Cryptosporidium parvum infects human cholangiocytes via sphingolipid‐enriched membrane microdomains

Summary Cryptosporidium parvum attaches to intestinal and biliary epithelial cells via specific molecules on host‐cell surface membranes including Gal/GalNAc‐associated glycoproteins. Subsequent cellular entry of this parasite depends on host‐cell membrane alterations to form a parasitophorous vacuole via activation of phosphatidylinositol 3‐kinase (PI‐3K)/Cdc42‐associated actin remodelling. How C. parvum hijacks these host‐cell processes to facilitate its infection of target epithelia is unclear. Using specific probes to known components of sphingolipid‐enriched membrane microdomains (SEMs), we detected aggregation of host‐cell SEM components at infection sites during C. parvum infection of cultured human biliary epithelial cells (i.e. cholangiocytes). Activation and membrane translocation of acid‐sphingomyelinase (ASM), an enzyme involved in SEM membrane aggregation, were also observed in infected cells. Pharmacological disruption of SEMs and knockdown of ASM via a specific small interfering RNA (siRNA) significantly decreased C. parvum attachment (by ∼84%) and cellular invasion (by ∼88%).

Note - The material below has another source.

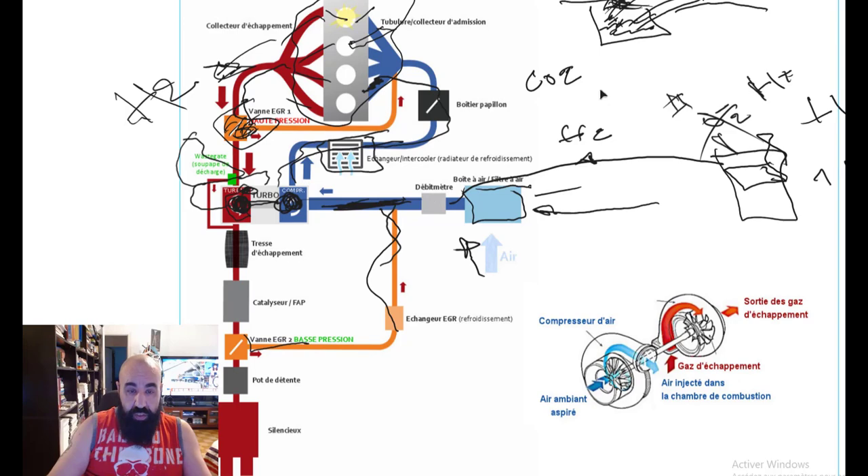Comme vous le voyez ici, c'est un schéma bloc qui explique sommairement, en résumé, tout ce que je répétais depuis le début des vidéos : le turbo, le turbo boost, la MAF, la MAP, les pressions, les compressions, le pourquoi et où est-ce qu'ils vont. C'est le schéma justement.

Importantly, knockdown of ASM and disruption of SEMs significantly blocked C. parvum‐ induced accumulation of Gal/GalNAc‐associated glycoproteins at infection sites by ∼90%. Disruption of SEMs and knockdown of ASM also significantly blocked C. parvum ‐induced activation of host‐cell PI‐3K and subsequent accumulation of Cdc42 and actin by up to 75%. Our results suggest an important role of SEMs for C. parvum attachment to and entry of host cells, likely via clustering of membrane‐binding molecules and facilitating of C. parvum ‐induced actin remodelling at infection sites through activation of the PI‐3K/Cdc42 signalling pathway.